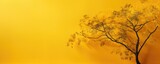 Fototapeta Dmuchawce - Abstract yellow background with tree shadows. Generative AI.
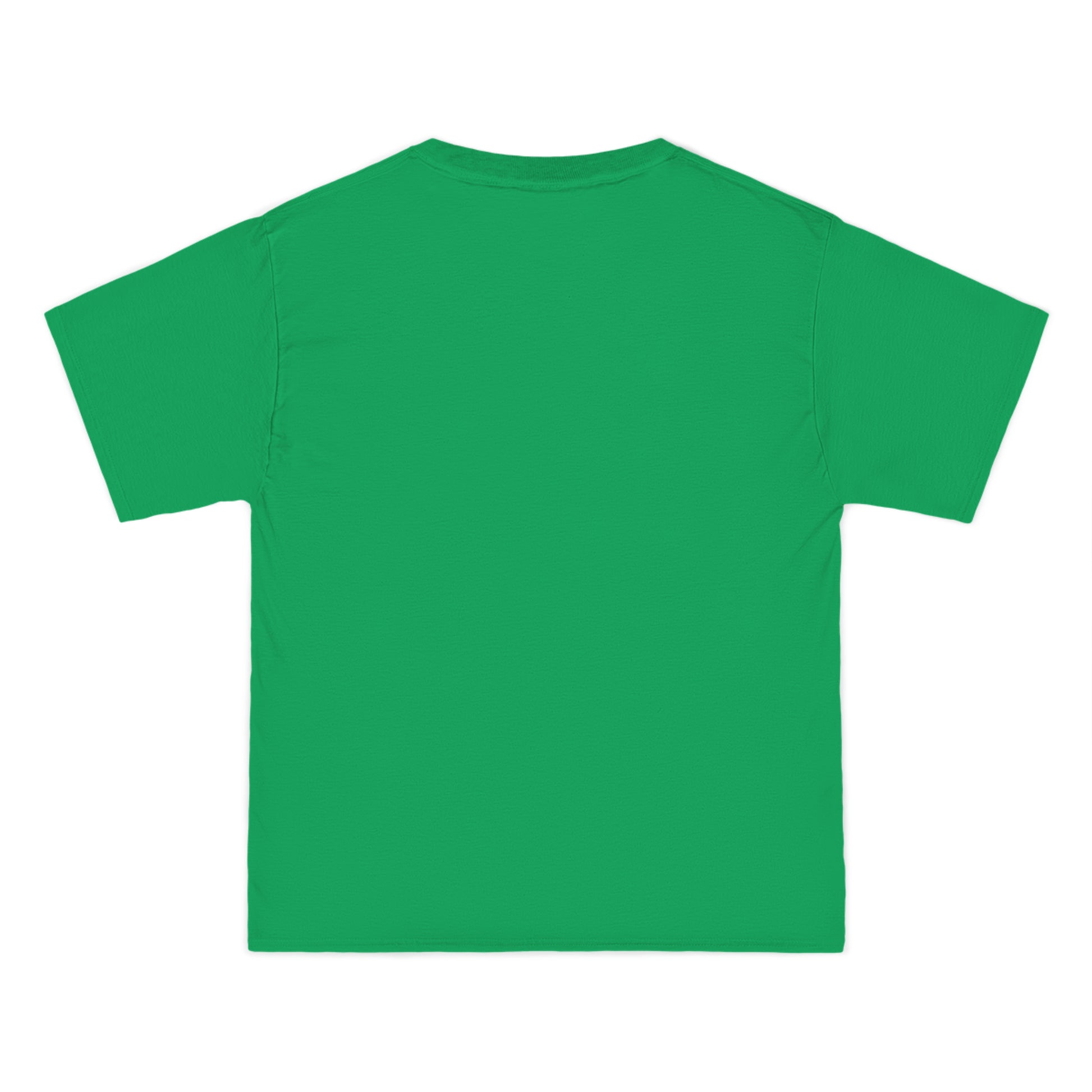 Embrace the Darkness design on Beefy-T® green T-Shirt back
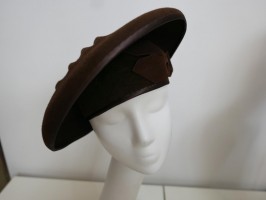 Rosita brązowy pilśniowy kapelusz dysk na główce 55-57 cm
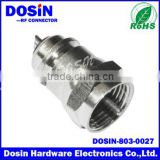 f connector crimp for tv broadcasting equipment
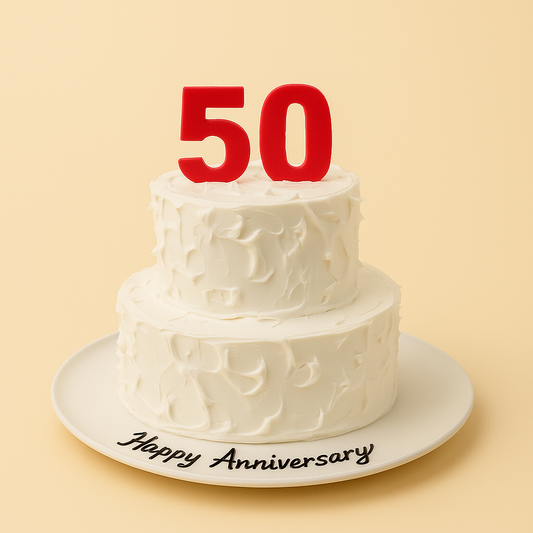 50th Golden Anniversary Cake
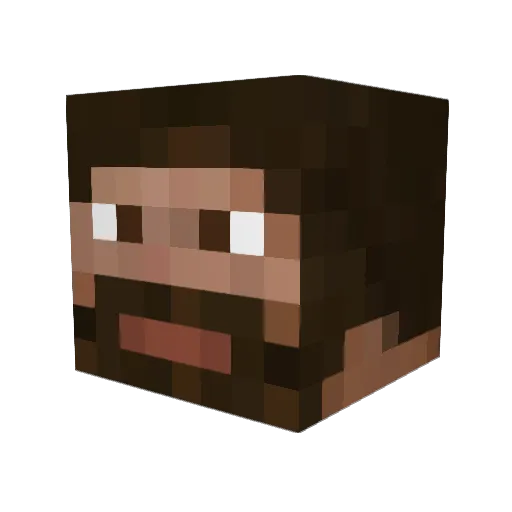 Kaarloh Minecraft avatar head, 3D render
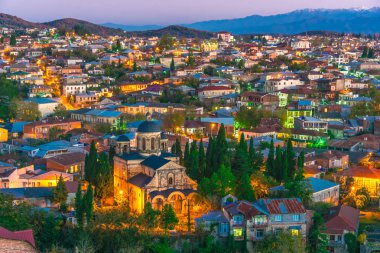Panoramik şehir Kutaisi: Imereti, Georgia bölgesinde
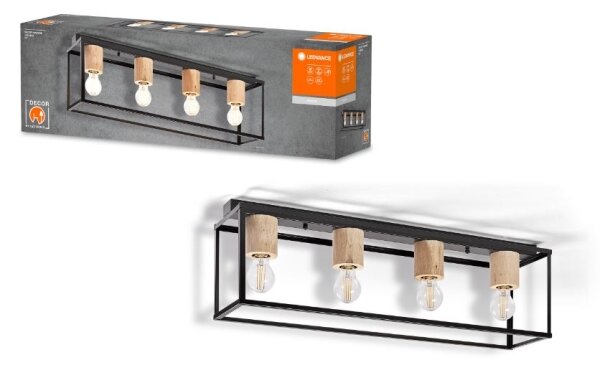 Ledvance - Přisazený lustr DECOR 4xE27/15W/230V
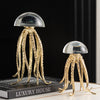 Jellyfish Decoration Metal Ocean Art Theme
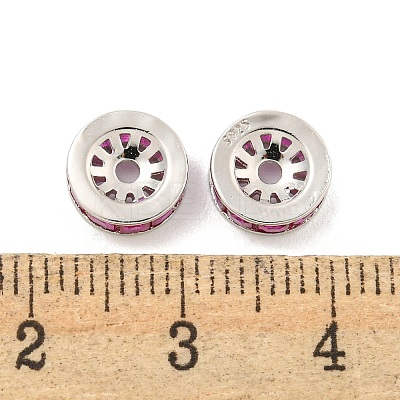 925 Sterling Silver Micro Pave Cubic Zirconia Beads STER-U002-15C-P-1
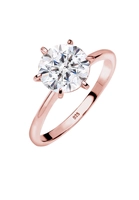 Elli Dames Verlovingsring met Kristallen in 925 Sterling Zilver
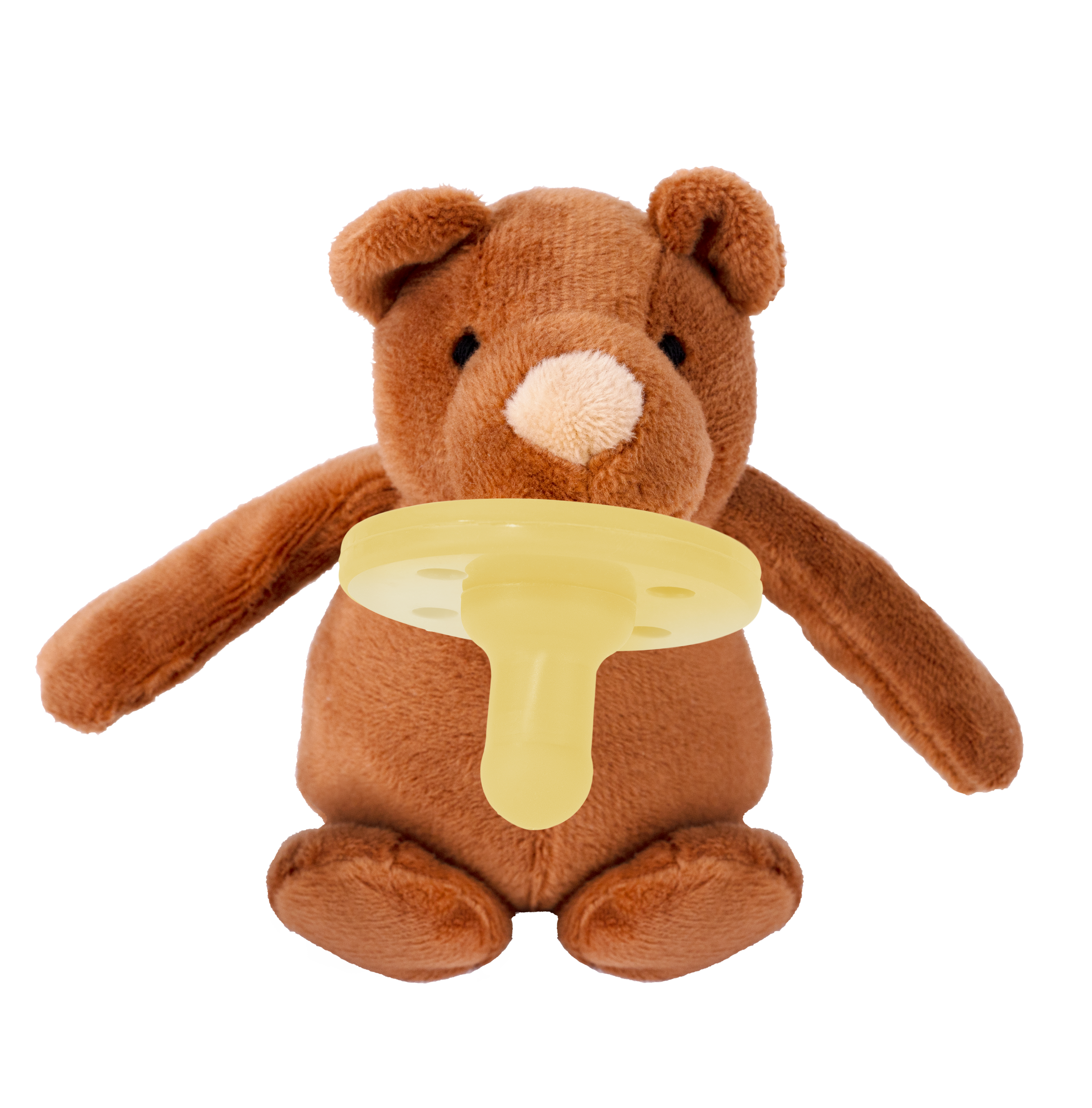 Sleep Buddy Moi - Einschlafhilfe Silikon Schnuller mit Kuscheltier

━━━━━━━━

Description of the task:
The exact lines from the beginning of the data through the one that contains "Ledvance - Přisazený" must be given again, both ends included, and pictures must be left out.

Output:
 Fototapeta Dmuchawce - Abstract yellow background with tree shadows. Generative AI.
 Embrace the Darkness design on Beefy-T® green T-Shirt back
 Rosita brązowy pilśniowy kapelusz dysk na główce 55-57 cm
 f connector crimp for tv broadcasting equipment
 50th Golden Anniversary Cake
 Kaarloh Minecraft avatar head, 3D render
Panoramik şehir Kutaisi: Imereti, Georgia bölgesinde
 Ledvance - Přisazený lustr DECOR 4xE27/15W/230V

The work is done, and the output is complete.